She was rather afraid of the situation. She might get hysterical.
"I thought I'd get here before the others—won't they say I'm deep! Now shut your eyes—" she said.
"And open your mouth, and see what God sends you," he continued, suiting action to words, and expecting a piece of chocolate. He heard the rustle of the apron, and a faint clink of metal. "I'm going to look," he said.
He opened his eyes. Fanny, her long cheeks flushed, her blue eyes shining, was gazing at him. There was a little bundle of paint-tubes on the bench before him. He turned pale.
"No, Fanny," he said quickly.
"From us all," she answered hastily.
"No, but—"
"Are they the right sort?" she asked, rocking herself with delight.
"Jove! they're the best in the catalogue."
"But they're the right sorts?" she cried.
"They're off the little list I'd made to get when my ship came in." He bit his lip.
Fanny was overcome with emotion. She must turn the conversation.
"They was all on thorns to do it; they all paid their shares, all except the Queen of Sheba."
The Queen of Sheba was Clara.
"And wouldn't she join?" Paul asked.
"She didn't get the chance; we never told her; we wasn't going to have HER bossing THIS show. We didn't WANT her to join."
Paul laughed at the woman. He was much moved. At last he must go. She was very close to him. Suddenly she flung her arms round his neck and kissed him vehemently.
"I can give you a kiss to-day," she said apologetically. "You've looked so white, it's made my heart ache."
Paul kissed her, and left her. Her arms were so pitifully thin that his heart ached also.
That day he met Clara as he ran downstairs to wash his hands at dinner-time.
"You have stayed to dinner!" he exclaimed. It was unusual for her.
"Yes; and I seem to have dined on old surgical-appliance stock. I MUST go out now, or I shall feel stale india-rubber right through."
She lingered. He instantly caught at her wish.
"You are going anywhere?" he asked.
They went together up to the Castle. Outdoors she dressed very plainly, down to ugliness; indoors she always looked nice. She walked with hesitating steps alongside Paul, bowing and turning away from him. Dowdy in dress, and drooping, she showed to great disadvantage. He could scarcely recognise her strong form, that seemed to slumber with power. She appeared almost insignificant, drowning her stature in her stoop, as she shrank from the public gaze.
The Castle grounds were very green and fresh. Climbing the precipitous ascent, he laughed and chattered, but she was silent, seeming to brood over something. There was scarcely time to go inside the squat, square building that crowns the bluff of rock. They leaned upon the wall where the cliff runs sheer down to the Park. Below them, in their holes in the sandstone, pigeons preened themselves and cooed softly. Away down upon the boulevard at the foot of the rock, tiny trees stood in their own pools of shadow, and tiny people went scurrying about in almost ludicrous importance.

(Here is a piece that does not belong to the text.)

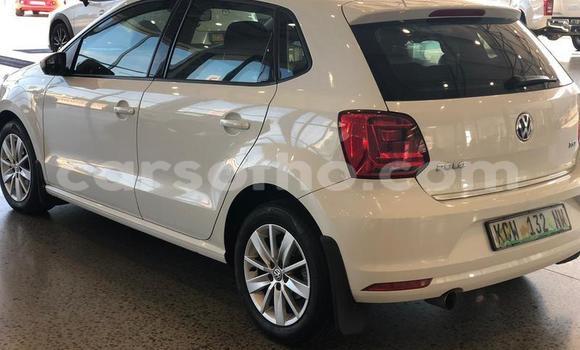 Acheter Occasion Voiture Volkswagen Polo Blanc à Maseru, Maseru Acheter Occasion Voiture Volkswagen Polo Blanc à Maseru, Maseru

"You feel as if you could scoop up the folk like tadpoles, and have a handful of them," he said.
She laughed, answering:
"Yes; it is not necessary to get far off in order to see us proportionately. The trees are much more significant."
"Bulk only," he said.
She laughed cynically.
Away beyond the boulevard the thin stripes of the metals showed upon the railway-track, whose margin was crowded with little stacks of timber, beside which smoking toy engines fussed. Then the silver string of the canal lay at random among the black heaps. Beyond, the dwellings, very dense on the river flat, looked like black, poisonous herbage, in thick rows and crowded beds, stretching right away, broken now and then by taller plants, right to where the river glistened in a hieroglyph across the country. The steep scarp cliffs across the river looked puny. Great stretches of country darkened with trees and faintly brightened with corn-land, spread towards the haze, where the hills rose blue beyond grey.
"It is comforting," said Mrs. Dawes, "to think the town goes no farther. It is only a LITTLE sore upon the country yet."

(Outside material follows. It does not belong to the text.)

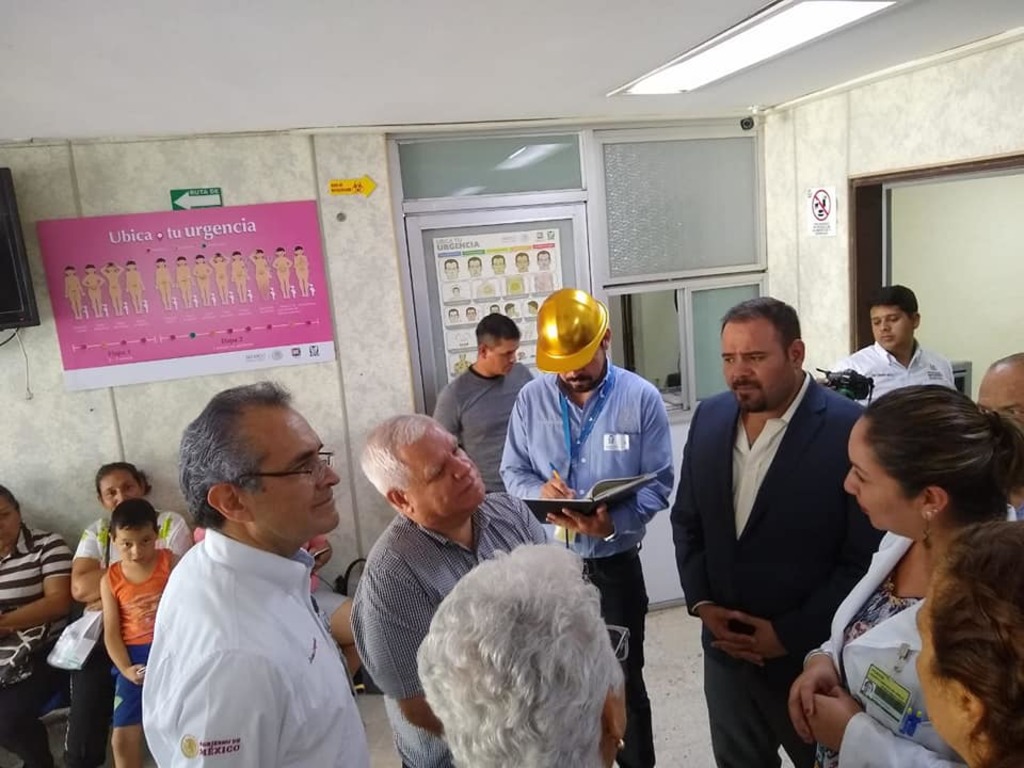 Las autoridades verificaron la condiciones del Hospital del IMSS. (EL SIGLO DE TORREÓN/MARY VÁZQUEZ)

"A little scab," Paul said.
She shivered. She loathed the town. Looking drearily across at the country which was forbidden her, her impassive face, pale and hostile, she reminded Paul of one of the bitter, remorseful angels.
"But the town's all right," he said; "it's only temporary. This is the crude, clumsy make-shift we've practised on, till we find out what the idea is. The town will come all right."
The pigeons in the pockets of rock, among the perched bushes, cooed comfortably. To the left the large church of St. Mary rose into space, to keep close company with the Castle, above the heaped rubble of the town. Mrs. Dawes smiled brightly as she looked across the country.
"I feel better," she said.
"Thank you," he replied. "Great compliment!"
"Oh, my brother!" she laughed.
"H'm! that's snatching back with the left hand what you gave with the right, and no mistake," he said.
She laughed in amusement at him.
"But what was the matter with you?" he asked. "I know you were brooding something special. I can see the stamp of it on your face yet."
"I think I will not tell you," she said.
"All right, hug it," he answered.
She flushed and bit her lip.
"No," she said, "it was the girls."
"What about 'em?" Paul asked.
"They have been plotting something for a week now, and to-day they seem particularly full of it. All alike; they insult me with their secrecy."
"Do they?" he asked in concern.
"I should not mind," she went on, in the metallic, angry tone, "if they did not thrust it into my face—the fact that they have a secret."
"Just like women," said he.
"It is hateful, their mean gloating," she said intensely.
Paul was silent. He knew what the girls gloated over. He was sorry to be the cause of this new dissension.
"They can have all the secrets in the world," she went on, brooding bitterly; "but they might refrain from glorying in them, and making me feel more out of it than ever. It is—it is almost unbearable."
Paul thought for a few minutes. He was much perturbed.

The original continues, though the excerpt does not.